Frank Nastasi was born in Detroit, Michigan on January 7, 1923. As a youngster he attended Santa Maria Catholic School. “The nuns were our teachers,” recalled Nastasi. “They saw that I could memorize real fast, so they would give me a lot of extra things to do. They said, “Frank, you’ve got to memorize these three pages.” And I carried on from there.” By the time Nastasi was a senior at Detroit’s Northern High School he was performing stand-up comedy at nightclubs in and around Detroit. Nastasi attended Wayne University, where he earned a bachelor’s degree.

  In the early 1950s WXYZ-TV’s programming director Pete Strand hired Nastasi for a new children’s show, Tommy Twinkle. Nastasi played Mr. Purdy, bookkeeper to Mother Goose.

  Nastasi’s next show was Barnaby Bear, the saga of a retired Circus bear turned newspaper publisher. The program was very popular, but was cancelled after six months because the sponsor, Sara Lee bakery, couldn’t bake enough cakes and pies to meet the demand the show created.

  On Wixie’s Wonderland with Marv Welch, Nastasi played Gramps, the resident animal expert.  “I would sit on a park bench and show the kids animals,” remembered Nastasi.  “And being a history buff, I would tell historical stories about the Presidents and such. Every day was interesting. Marv and I had a lot of fun”

  In addition to Wixie, Nastasi was also the puppeteer on Soupy Sales’ show for one week a year, when regular puppeteer Clyde Adler took his summer vacation. It was while Adler was on vacation that Pookie the Lion found his voice. Clyde had made Pookie a mute, whose only means of communication was a shrill whistle. “One day I was doing The Pookie Players,” reminisced Nastasi. “I had been trying out different voices for Pookie, but none of them seemed right. One day during The Pookie Players sketch I used a hip, laid back kind of voice. When I was finished I went up to Soupy and said, “That’s the voice!”

  When Wixie’s Wonderland ended it’s run Nastasi moved to New York City, where he earned a master’s degree in dramatic arts from New York University and appeared in a handful of Broadway and off-Broadway productions.  In 1964 he caught up with his old buddy Soupy Sales and became a full-time puppeteer for The Soupy Sales Show. Nastasi also made a comedy record with Sales and appeared with him in the movie Birds Do It.

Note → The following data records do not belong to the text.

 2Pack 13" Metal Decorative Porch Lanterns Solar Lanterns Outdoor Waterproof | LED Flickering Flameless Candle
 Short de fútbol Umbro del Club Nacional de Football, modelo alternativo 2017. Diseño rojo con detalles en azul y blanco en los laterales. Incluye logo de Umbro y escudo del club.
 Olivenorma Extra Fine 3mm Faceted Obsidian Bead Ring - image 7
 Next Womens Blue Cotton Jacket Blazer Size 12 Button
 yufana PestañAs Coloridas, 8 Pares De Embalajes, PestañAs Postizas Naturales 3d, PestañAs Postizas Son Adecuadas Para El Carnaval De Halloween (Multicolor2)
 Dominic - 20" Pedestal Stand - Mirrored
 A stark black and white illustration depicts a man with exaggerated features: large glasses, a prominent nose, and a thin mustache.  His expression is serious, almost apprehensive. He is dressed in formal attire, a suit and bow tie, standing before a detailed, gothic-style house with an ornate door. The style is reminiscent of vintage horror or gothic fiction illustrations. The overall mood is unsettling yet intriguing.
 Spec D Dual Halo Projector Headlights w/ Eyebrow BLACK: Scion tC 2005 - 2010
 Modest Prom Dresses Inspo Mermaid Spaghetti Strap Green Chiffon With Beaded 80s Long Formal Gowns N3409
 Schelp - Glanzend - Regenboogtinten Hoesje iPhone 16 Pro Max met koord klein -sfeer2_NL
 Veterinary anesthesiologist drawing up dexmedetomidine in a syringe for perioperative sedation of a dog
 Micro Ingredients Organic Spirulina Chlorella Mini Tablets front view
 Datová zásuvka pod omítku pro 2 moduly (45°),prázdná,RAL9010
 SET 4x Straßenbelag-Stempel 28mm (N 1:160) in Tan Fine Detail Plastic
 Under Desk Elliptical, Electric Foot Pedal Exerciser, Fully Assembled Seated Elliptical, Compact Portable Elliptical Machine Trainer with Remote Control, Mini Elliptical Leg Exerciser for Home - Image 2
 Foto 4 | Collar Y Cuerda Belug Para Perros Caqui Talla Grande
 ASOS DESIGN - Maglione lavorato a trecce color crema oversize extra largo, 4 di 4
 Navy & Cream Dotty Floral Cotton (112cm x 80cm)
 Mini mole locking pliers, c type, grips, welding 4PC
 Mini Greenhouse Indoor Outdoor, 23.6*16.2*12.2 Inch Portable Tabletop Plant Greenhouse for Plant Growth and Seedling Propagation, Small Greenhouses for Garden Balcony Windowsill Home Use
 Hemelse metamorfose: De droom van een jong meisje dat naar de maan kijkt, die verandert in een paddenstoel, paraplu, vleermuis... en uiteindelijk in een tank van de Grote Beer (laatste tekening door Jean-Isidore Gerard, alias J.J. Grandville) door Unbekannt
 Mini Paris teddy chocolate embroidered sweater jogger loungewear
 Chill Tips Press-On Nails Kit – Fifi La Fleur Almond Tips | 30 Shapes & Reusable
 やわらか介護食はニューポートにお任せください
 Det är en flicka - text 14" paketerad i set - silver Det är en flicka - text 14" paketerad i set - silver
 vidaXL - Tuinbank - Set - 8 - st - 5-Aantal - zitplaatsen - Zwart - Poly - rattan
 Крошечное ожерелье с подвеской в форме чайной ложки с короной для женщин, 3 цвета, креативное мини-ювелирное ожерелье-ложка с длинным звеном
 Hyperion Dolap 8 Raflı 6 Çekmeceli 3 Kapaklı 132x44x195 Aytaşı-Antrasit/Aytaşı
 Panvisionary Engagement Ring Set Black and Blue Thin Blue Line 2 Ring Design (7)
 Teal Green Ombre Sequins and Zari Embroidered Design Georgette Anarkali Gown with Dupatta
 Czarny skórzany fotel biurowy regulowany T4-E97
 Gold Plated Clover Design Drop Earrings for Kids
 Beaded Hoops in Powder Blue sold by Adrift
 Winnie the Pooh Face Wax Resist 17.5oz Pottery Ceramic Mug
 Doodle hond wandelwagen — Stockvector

  Throughout the 1970s 80s and 90s Nastasi continued working off-Broadway, and had minor roles in a few motion pictures and made for TV movies. He also liked to perform at New York City’s Lambs Club,known as America’s oldest professional theatrical club. In a 2003 interview Nastasi said, “I work if I want to, but do it at my own leisure.”

  Nastasi died after a short illness on June 15, 2004. As a young boy he originally wanted to be a pro ballplayer. “They wanted to send me to the minor leagues. I could play better than most of the salamis on the field, but the scouts wouldn’t look at me because I was only 5’5”.” Nastasi may have been short in stature, but he was tall enough to portray a manic 6 foot tall cream pie wielding dog, tall enough to be seen in the third balcony in the largest Broadway theatre and tall enough to win the hearts of millions of television viewers through his work on The Soupy Sales Show.